MySpace and MTV's new revenue model challenges YouTube

In teaming up with MySpace this week, is MTV owner Viacom deviating all that much from YouTube around user uploads of TV show clips? Like YouTube partners CBS, EA, and Universal Music, Viacom now stands to make money from online ads.

After starting a highly controversial lawsuit against YouTube last year, and then getting smacked by a boycott from angry YouTube users last summer, MTV owner Viacom is now adopting a new approach to video content through a deal unveiled with the MySpace social network and tech start-up Auditude.

With Viacom and the Google-owned YouTube duking it out in court, News Corp.'s MySpace had been trying until now to keep copyrighted materials -- including videos -- off of its social network.

But as the new deal with Viacom's MTV and Auditude gets under way, MySpace users will be able to upload segments from MTV shows such as "The Hills" and "The Daily Show with Jon Stewart" for viewing by others online.

Technology from Auditude will be used to detect the content to be aired online, as well as to tag it with an "attribution layer." In addition to providing links for buying TV episodes, for instance, the attribution layer will give information to users such as the date a TV episode first aired.

Revenues from the video ads accompanying the uploaded MTV episodes will be be shared among MySpace, Auditude, and the video copyright holders.

But with the exception that content providers might get more control over which video appears online, the approach MySpace is now taking doesn't seem all that different from the strategy Google announced near the end of 2007, after being hit by a $1 billion lawsuit by Viacom in March of that year.
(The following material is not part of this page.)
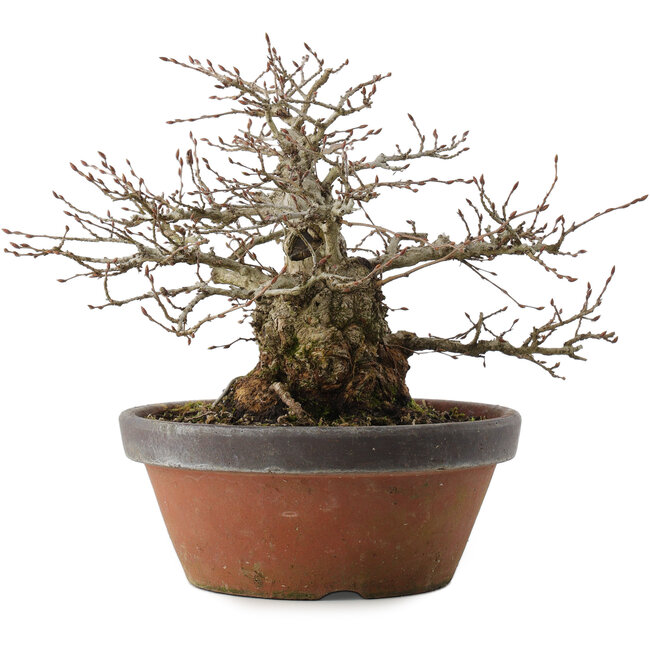 Carpinus coreana, 22 cm, ± 30 Jahre alt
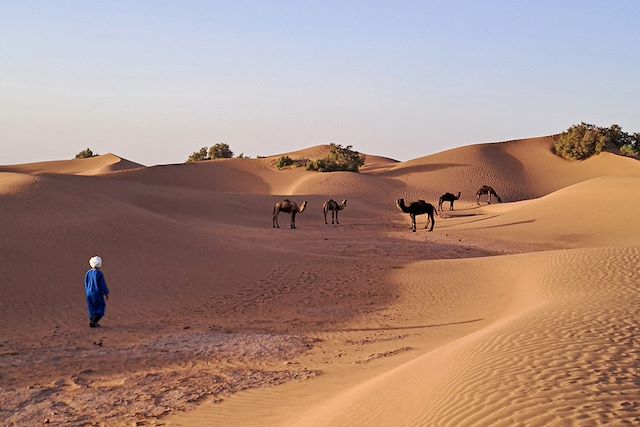 Voyage : Les confins du Sud marocain Voyage Les confins du Sud marocain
Viacom charged that YouTube did little or nothing to stop users from posting clips from Viacom-owned entities such as Comedy Central and Nickelodeon, mainly because those videos helped drive viewers to ads appearing on YouTube.

YouTube users then instigated a boycott against Viacom and its properties last summer, when as part of the legal proceedings, a federal judge ordered Google to turn over to Viacom a log containing the user login IDs and IP addresses of sources from which videos were downloaded, together with details about those videos.

YouTube users took the opportunity in July to consistently refresh a growing cache of anti-Viacom content on YouTube, with materials that included new videos exhorting people to band together in a boycott covering Viacom's Web site, MTV cable networks, Paramount films (including the Indiana Jones film that premiered in May), and other Viacom-owned properties.

Under the strategy announced by YouTube after Viacom filed its suit, YouTube is supposedly first identifying video clips and then giving holders of the copyrights a choice between either (1) having the video taken down or (2) allowing YouTube to place ads on it in exchange for a chunk of the revenue. Then last month, YouTube started adding click-to-buy links for products -- like songs, books, and movies -- related to the content from partners that's available for viewing on the YouTube site.

YouTube's participating content owners in the plan include CBS Corp., Electronic Arts (EA) Inc., and Universal Music.